__What you should do__
Exact copy, no pictures: restate each entry below word for word.

[Crawled caption data]
╭──

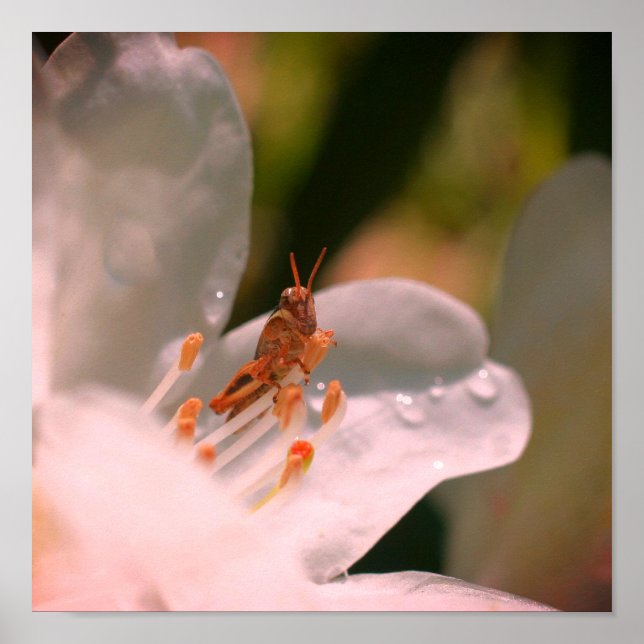 Tiny Grasshopper auf der Blume der weißen Azalea Poster (Vorne)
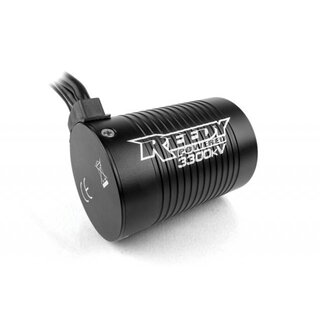 Team Associated Trophy Rat RTR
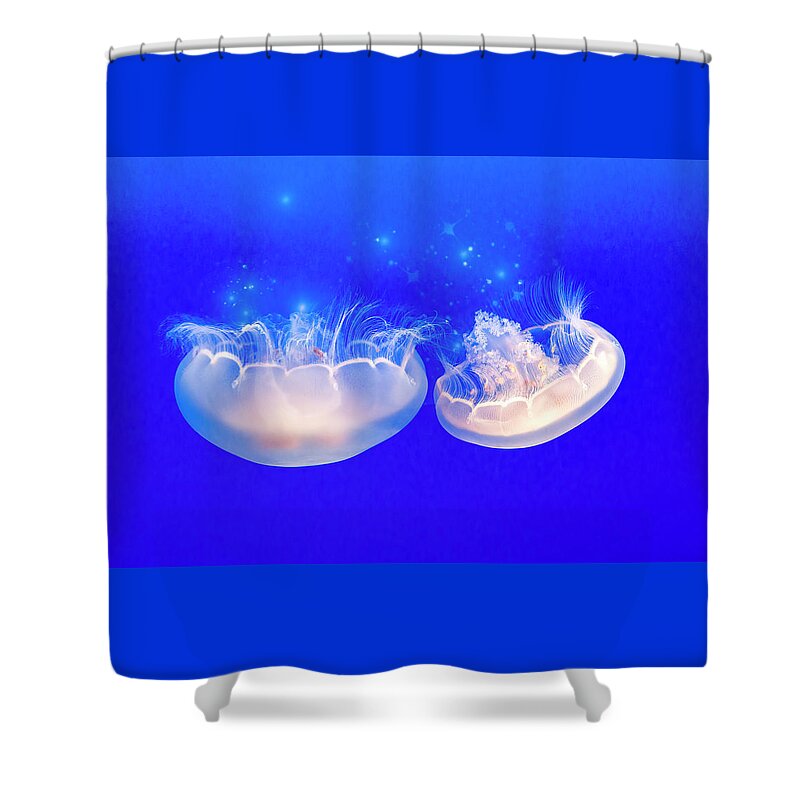 Jellyfish Shower Curtain featuring the photograph Moon Jelly Series #4 by Patti Deters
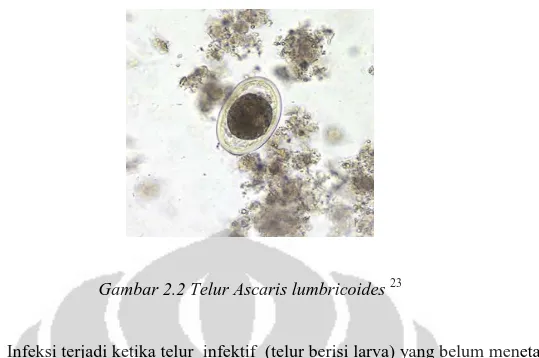 Gambar 2.2 Telur Ascaris lumbricoides  23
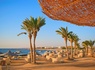 Hôtel Dreams Beach Resort Sharm El Sheikh 5* - 11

╰──

__Solution below__
 Tiny Grasshopper auf der Blume der weißen Azalea Poster (Vorne)
 Team Associated Trophy Rat RTR
 Jellyfish Shower Curtain featuring the photograph Moon Jelly Series #4 by Patti Deters
 Gambar 2.2 Telur Ascaris lumbricoides  23
 Hôtel Dreams Beach Resort Sharm El Sheikh 5* - 11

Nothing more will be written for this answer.